Here are a few familiar descriptions of the dollar: “the cleanest shirt in the laundry basket”, “the least-ugly mug in a beauty contest”, “the one-eyed man in the kingdom of the blind”. Nobody, it seems, loves the dollar; they just really dislike the alternatives. And that aversion is only growing. The dxy, an index of the dollar against half a dozen major currencies, is at a 20-year high (see chart 1). Among the dirtiest of the dirty linen are sterling, the euro and the yen (see chart 2).
Every fresh lurch upwards prompts some big questions. First, what is driving it? Much of the recent rise reflects differences in monetary policy. At the turn of the year, the Federal Reserve became more determined to tackle inflation. A series of interest-rate increases since then, with more expected, has turned the dollar into a high-yielding currency. Lofty interest rates are a draw to global capital, which in turn has pushed up the dollar.

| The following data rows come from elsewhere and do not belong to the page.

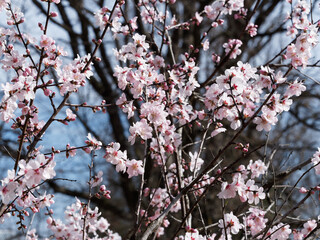 The almond tree (Prunus dulcis) a tree in the Rosaceae family, whose pinkish-white flowers appear before the leaves
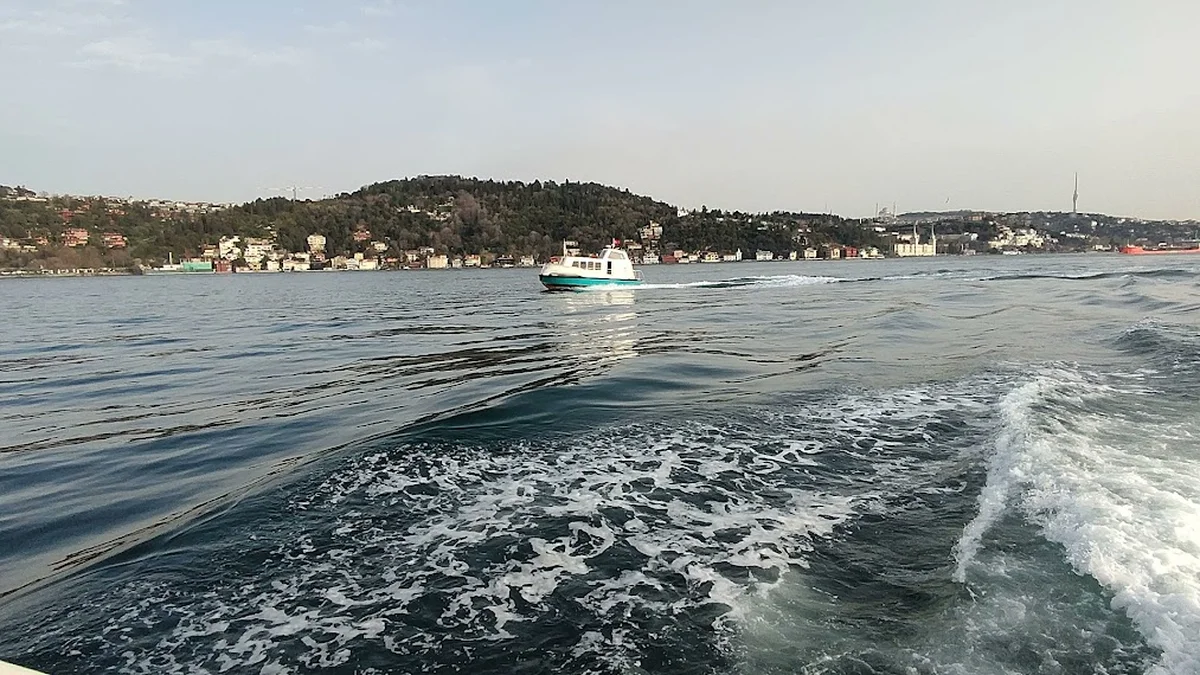 AkıntıBurnu Balık Restoranı | Arnavutköy - Görsel 1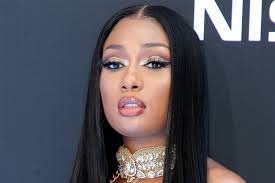Celebrity net worth estimates that the rapper, singer, and songwriter is worth a. Megan Thee Stallion Bio Age Profession Net Worth And Facts Gud Story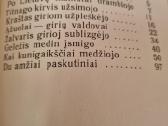 Girių poema - nuotraukos Nr. 3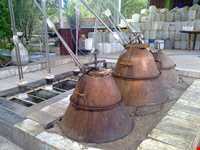 Rosewater and other extracted sap plants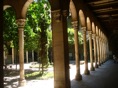 DSC06437.JPG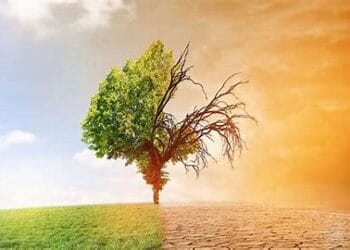 Rétrospective 2024 : l’Afrique à l’épreuve du changement climatique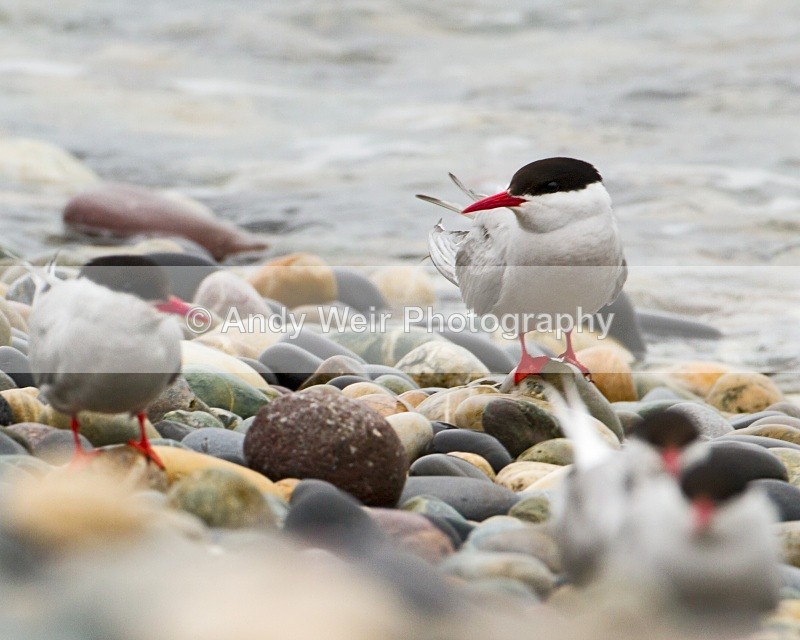 20100718_1562 - Terns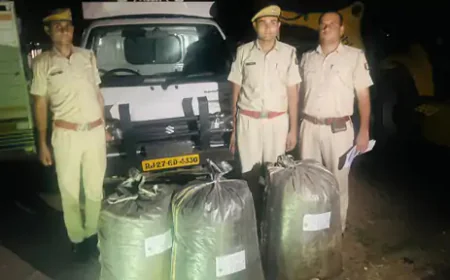डोडा पोस्त तस्करी पर पुलिस की बड़ी कार्रवाई, 331 किलो मादक पदार्थ जब्त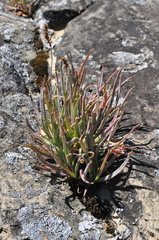 Plantago maritima juncoides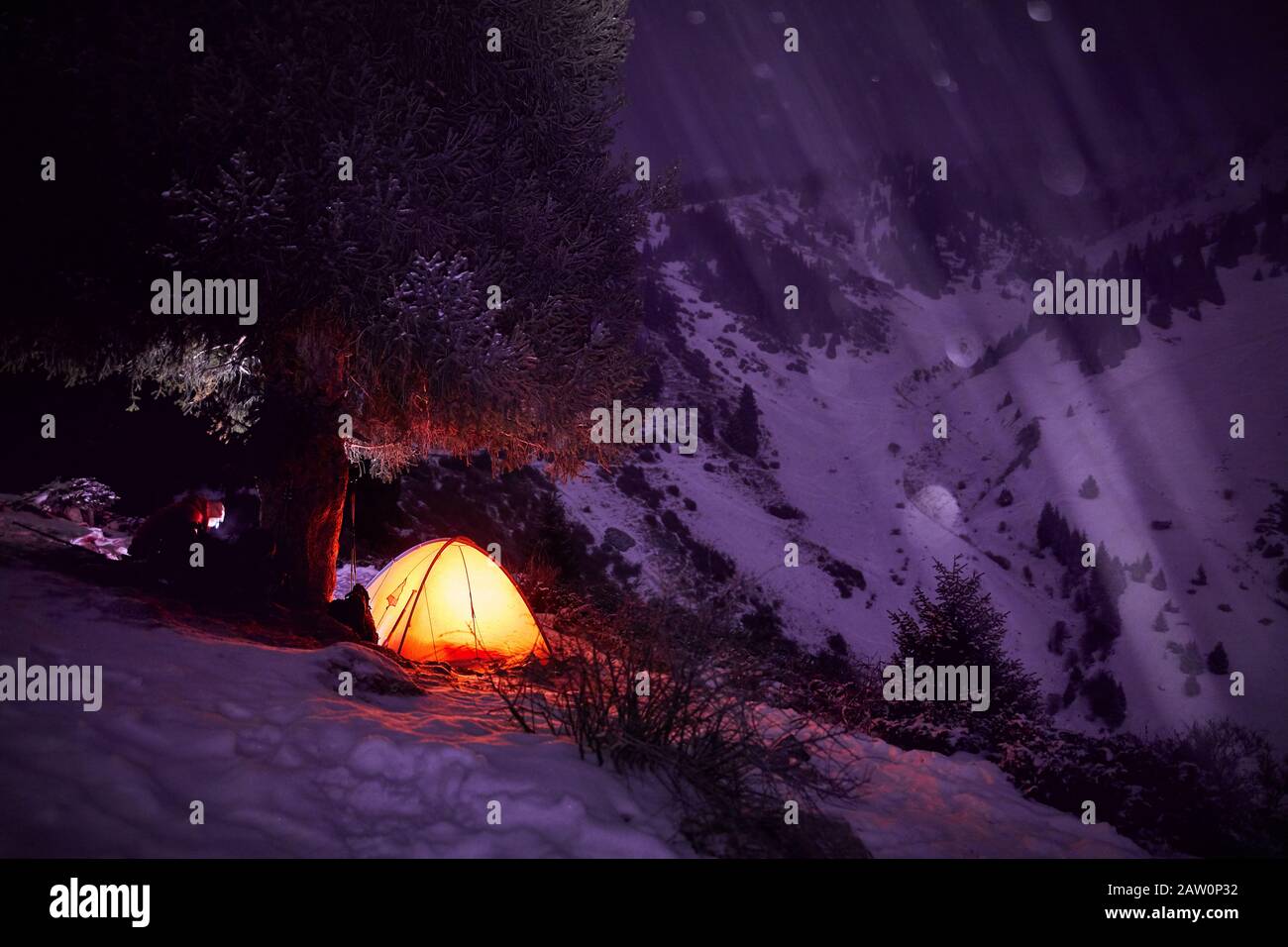 Camp mit orangefarbenen, leuchtenden Zelten in der Nähe großer Fichten in den Bergen unter purpurem Winterhimmel. Stockfoto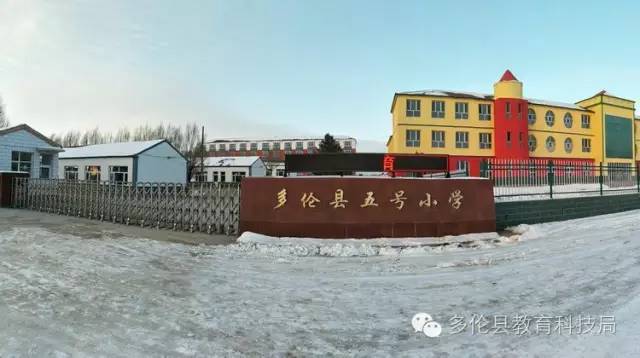 小学学校质量提升行动,农村小学学校质量提升方案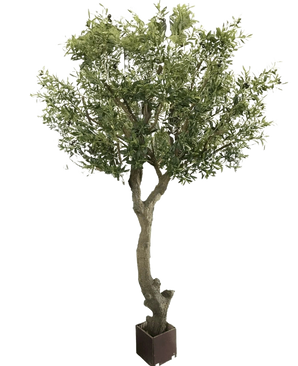 L'olivier artificiel sans olives 270 cm a un tronc épais et rotatif et des feuilles vertes luxuriantes dans un pot. Facile à entretenir et parfait pour n’importe quel intérieur, représenté sur un fond blanc uni.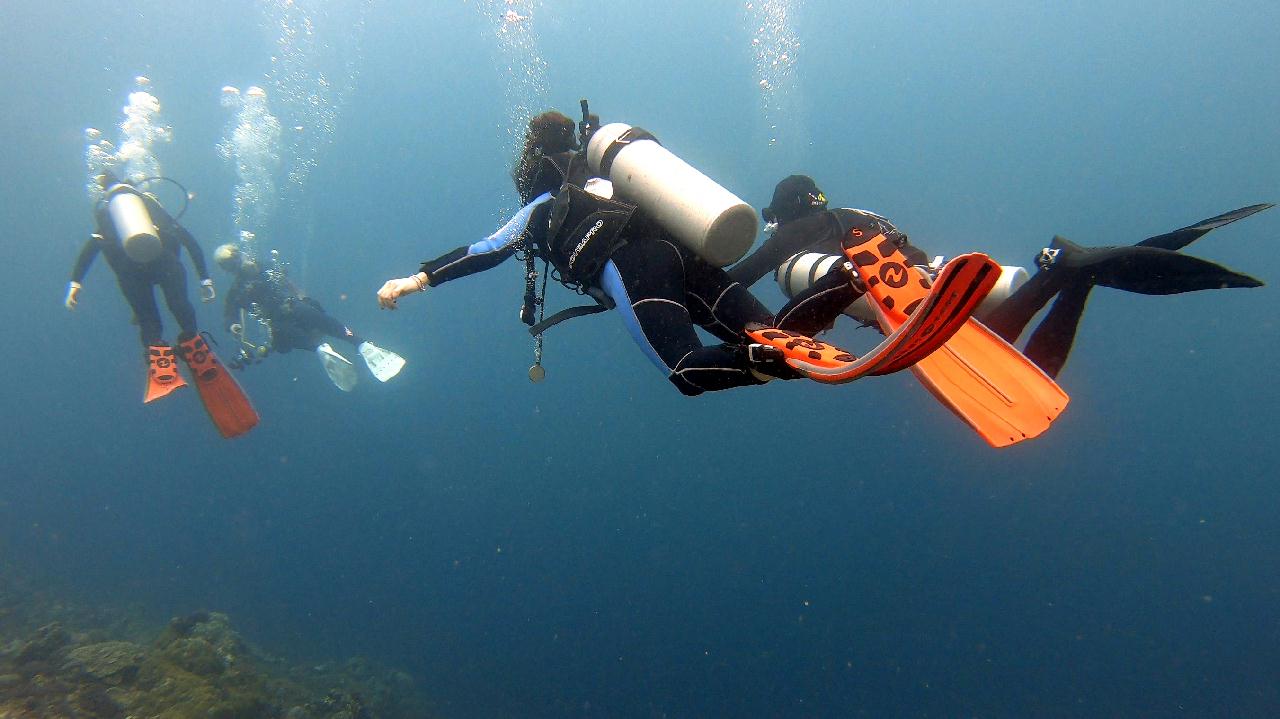 CEBU SEAHORSE DIVE - Marine station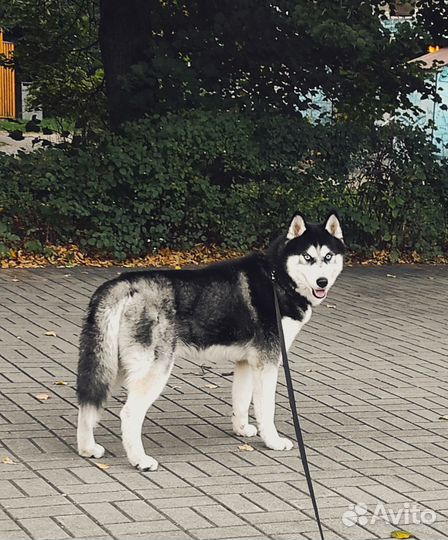 Передержка собак/животных. Выгул собак. Зоотакси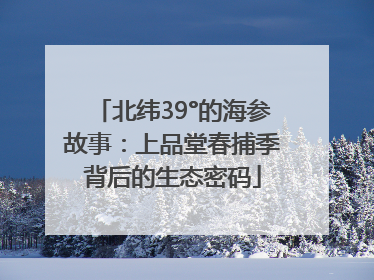 北纬39°的海参故事：上品堂春捕季背后的生态密码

The dollar is also a refuge in troubled times. Scared investors tend to reach for the currency. And high oil and gas prices are generally bad for energy importers, such as Europe, but good for energy exporters, such as America. The handful of currencies that have kept pace with or beaten the dollar this year tend to be those of energy-producing countries.
In short, the dollar is the go-to currency largely because America has proved a reliable source of economic growth. That is particularly true now. Europe is edging closer to recession. The closely watched purchasing-managers’ index suggests the euro-zone economy shrank in August.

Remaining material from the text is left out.